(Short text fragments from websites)
┌──

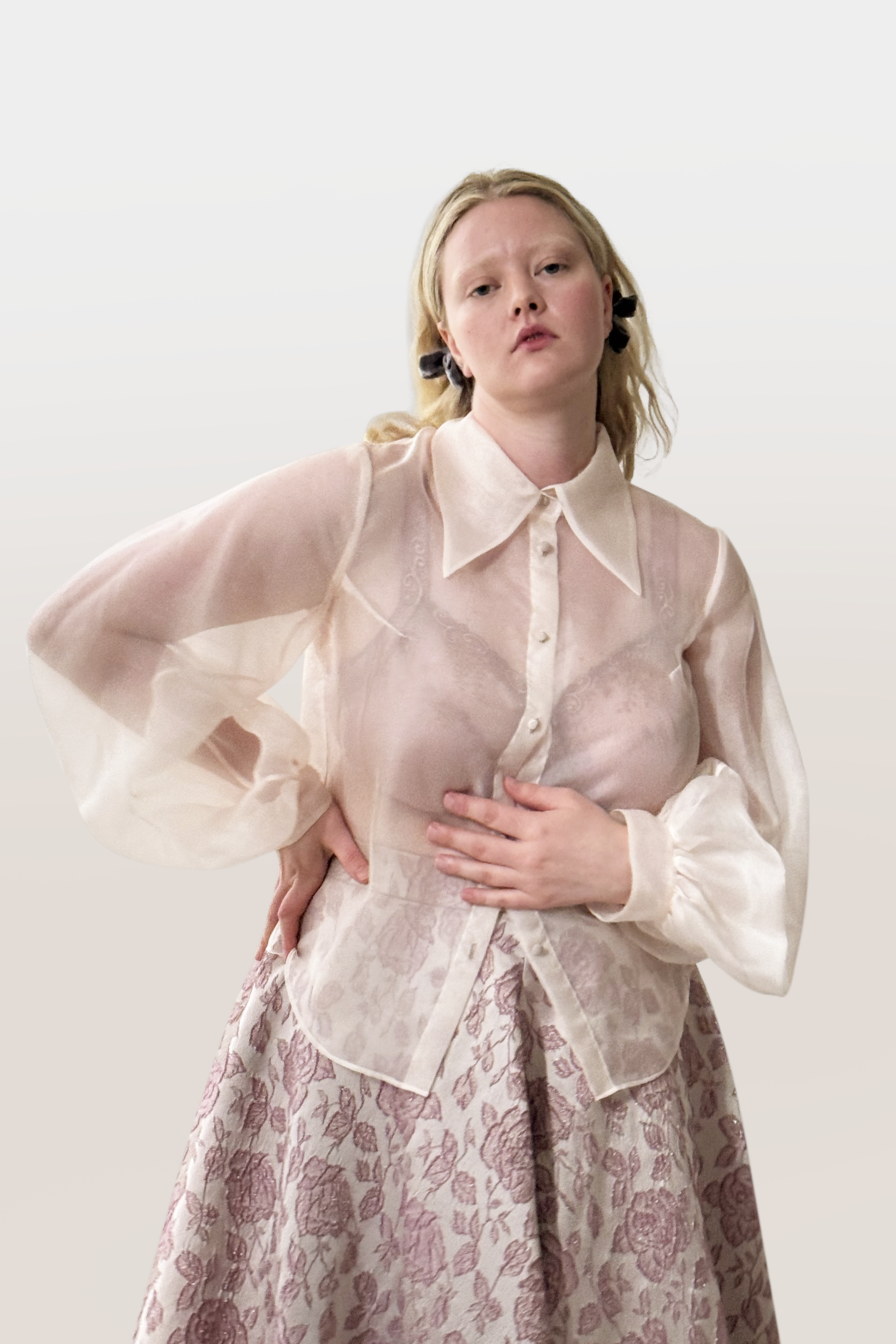 Woman wearing a sheer white blouse over a patterned skirt on a plain background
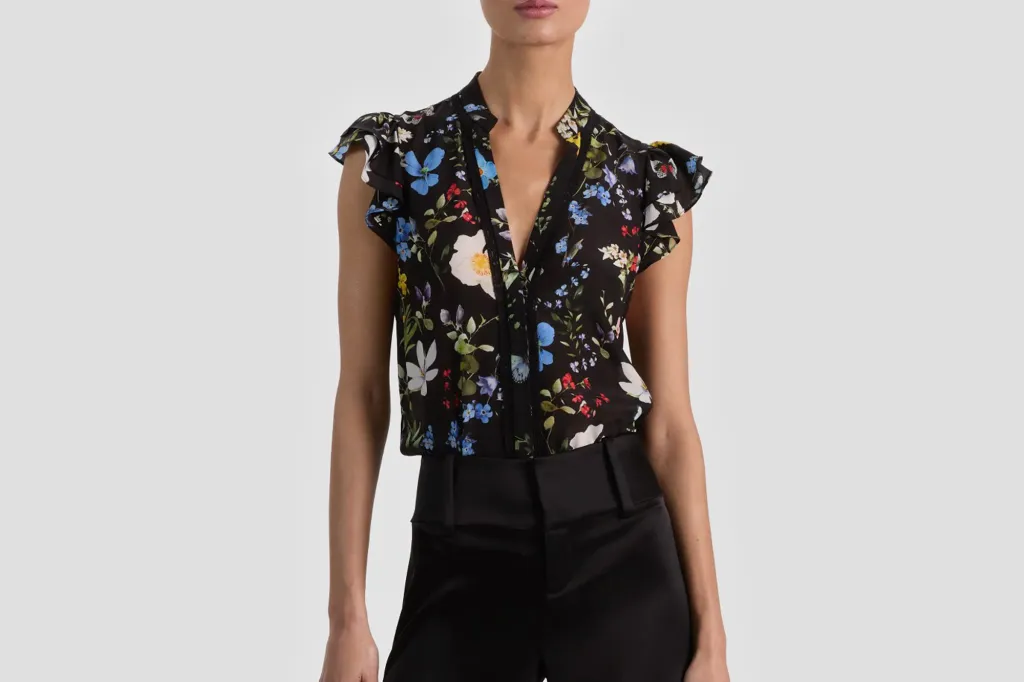 A person wearing a black floral blouse with short ruffled sleeves and black pants.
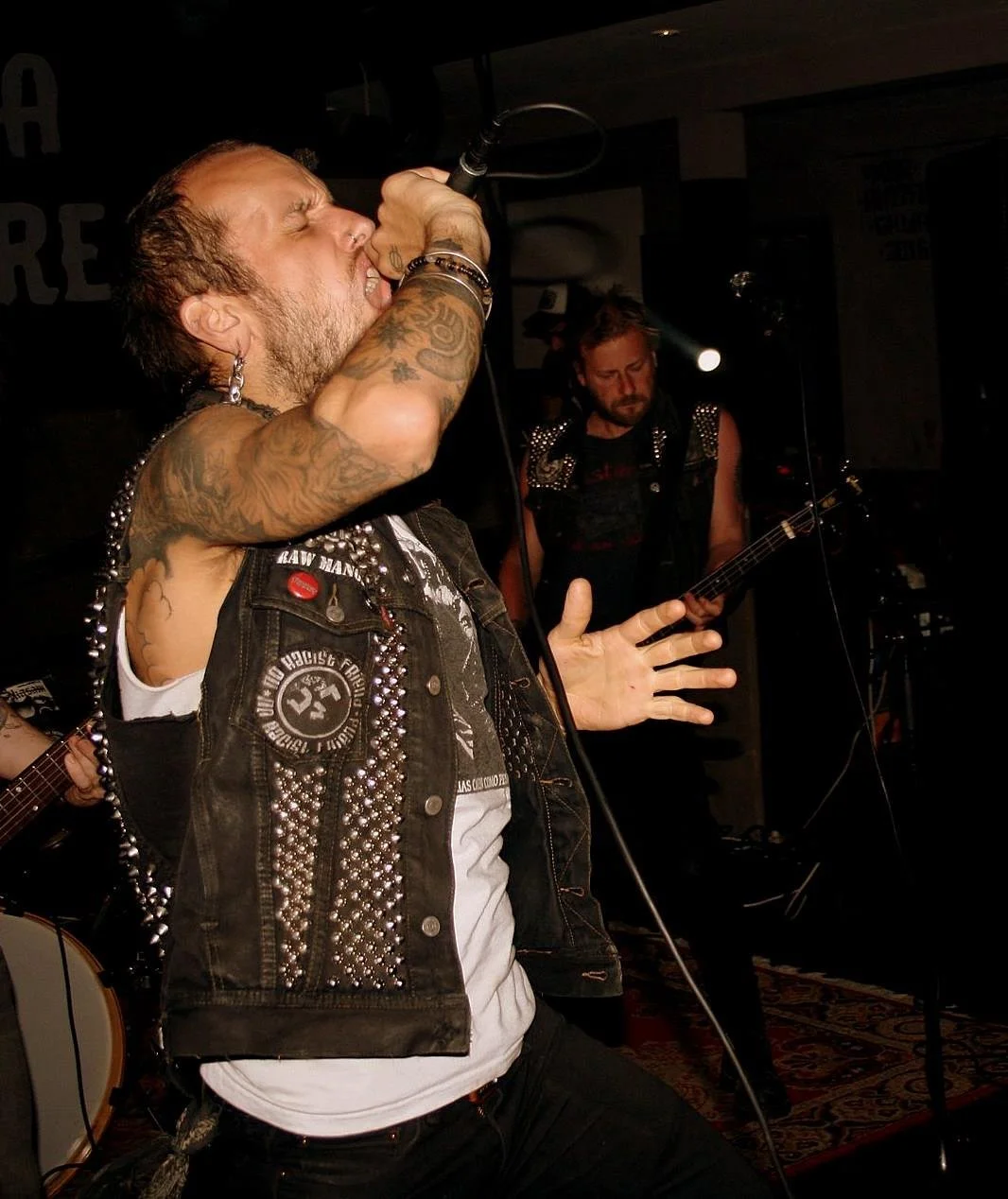 A male vocalist with tattoos singing into a microphone on stage, wearing a sleeveless vest with jewelry, with a guitarist playing in the background.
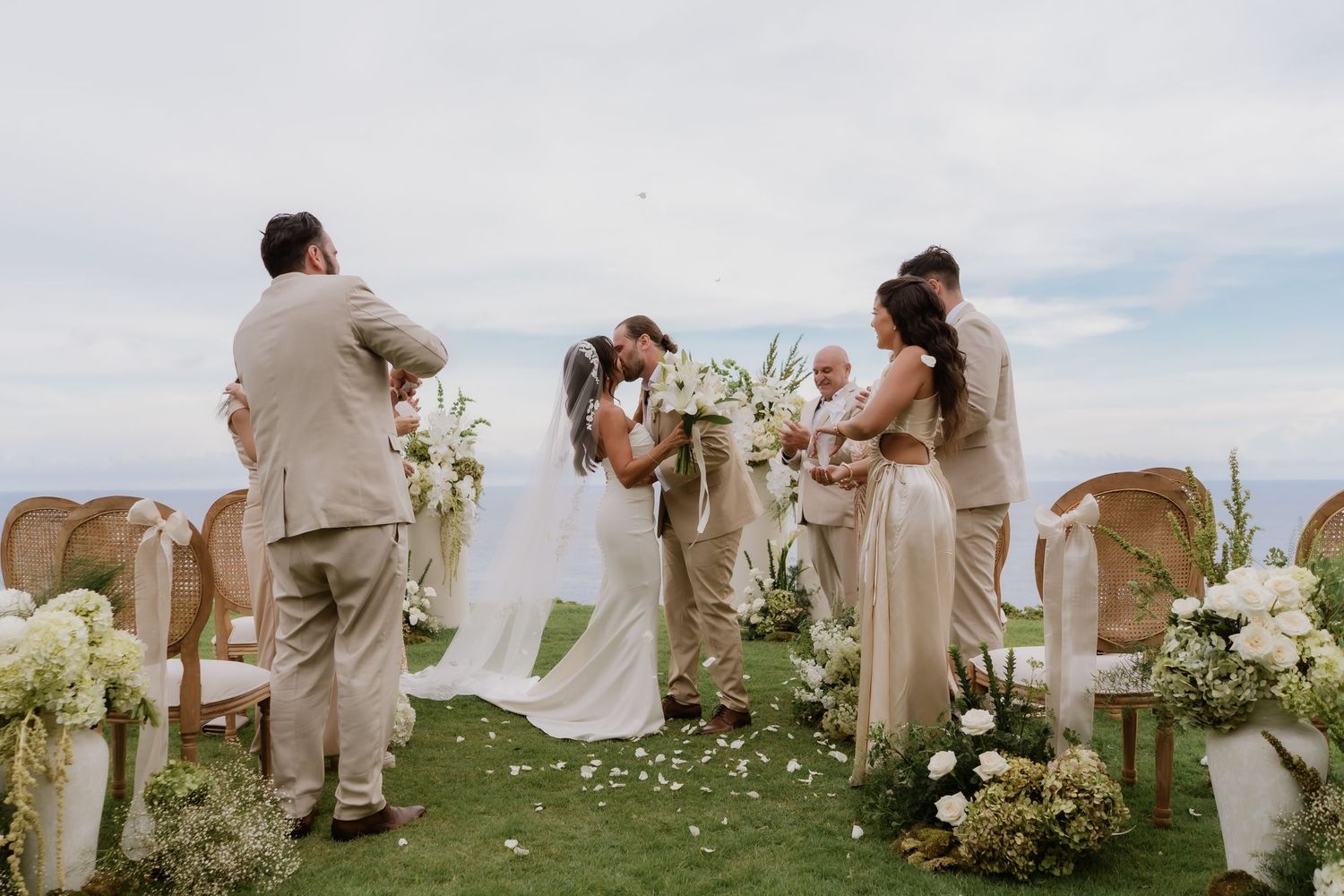 Couple shares first kiss at outdoor wedding ceremony with white floral arrangements and ocean view.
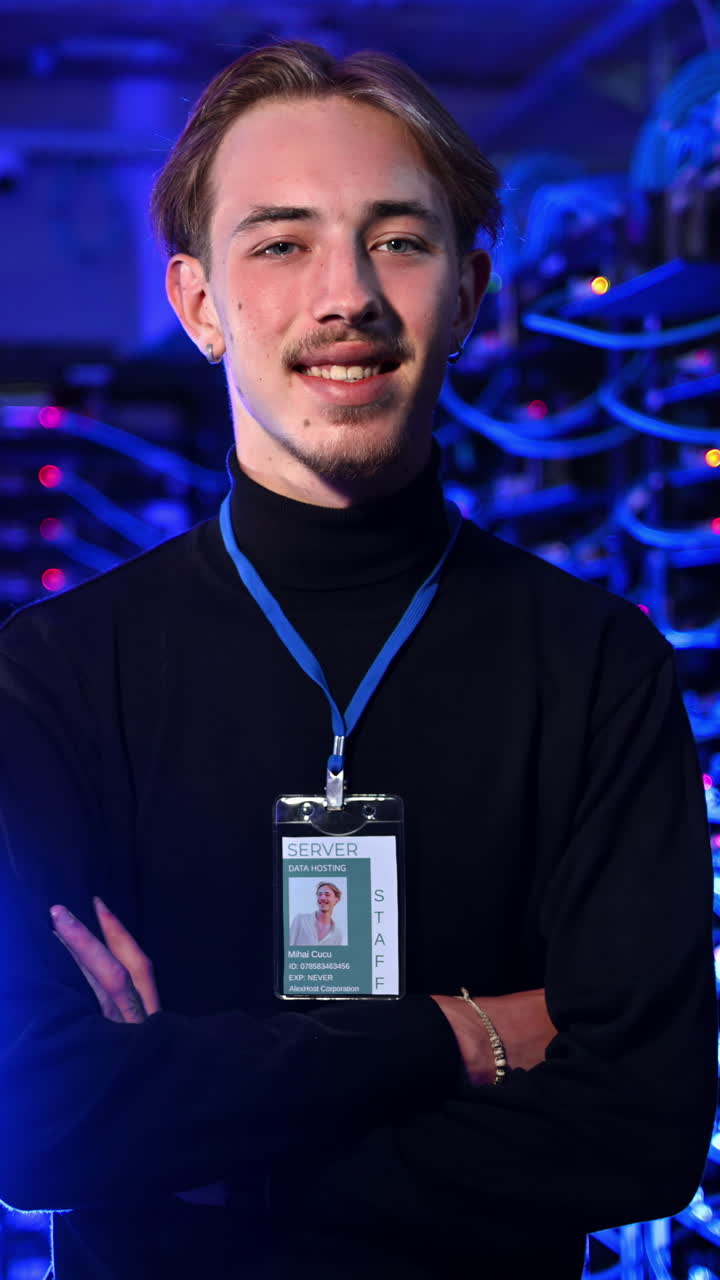 Man standing in a server room. Vertical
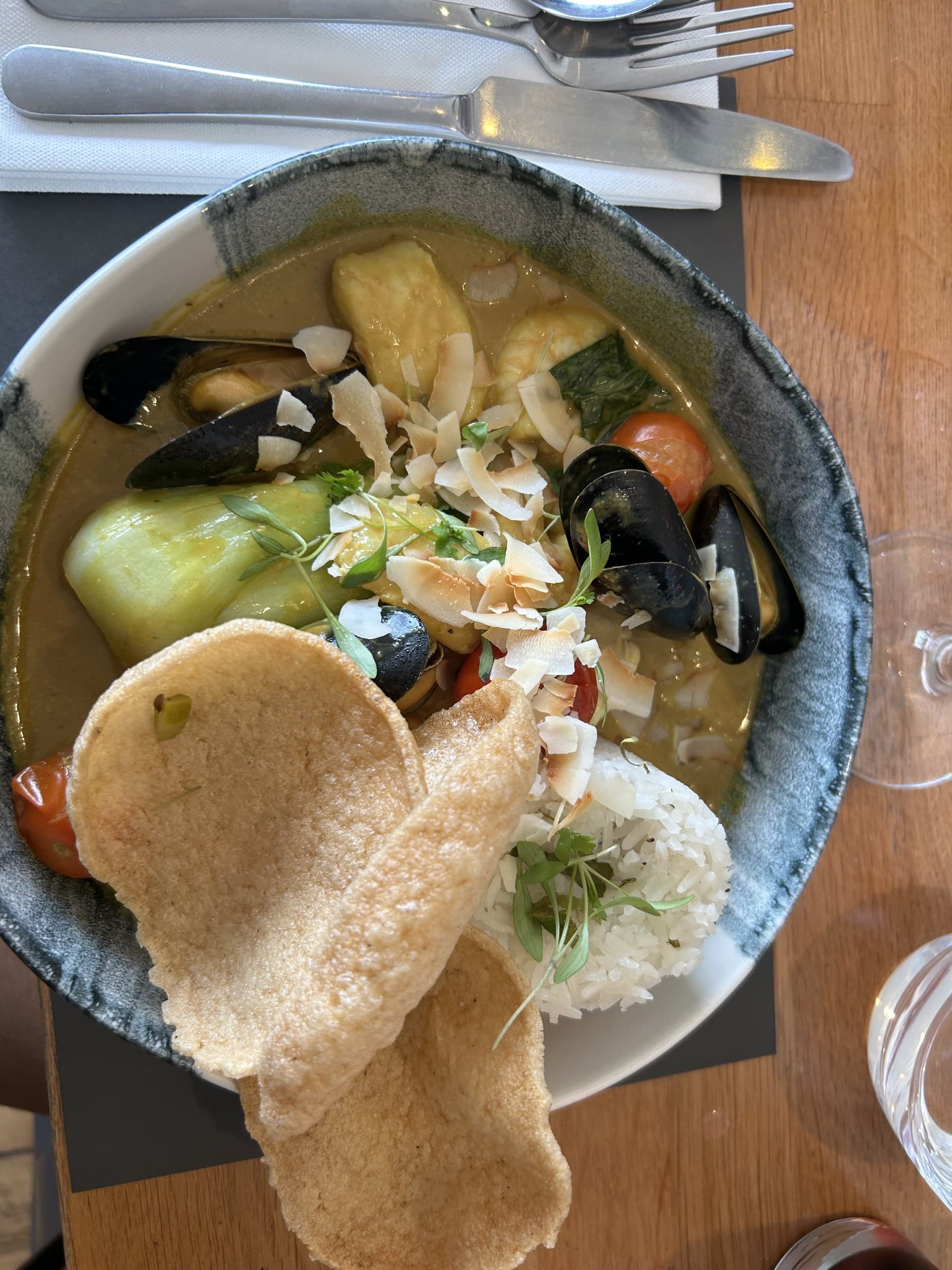 A Cornish seafood curry with mussels, poppadoms and rice, seen from above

└──

# TASK DESCRIPTION:
Without the pictures, retype each line of the records above exactly.

# RESULT FOR THIS TASK:
 Woman wearing a sheer white blouse over a patterned skirt on a plain background
 A person wearing a black floral blouse with short ruffled sleeves and black pants.
 A male vocalist with tattoos singing into a microphone on stage, wearing a sleeveless vest with jewelry, with a guitarist playing in the background.
 Couple shares first kiss at outdoor wedding ceremony with white floral arrangements and ocean view.
 Man standing in a server room. Vertical
 A Cornish seafood curry with mussels, poppadoms and rice, seen from above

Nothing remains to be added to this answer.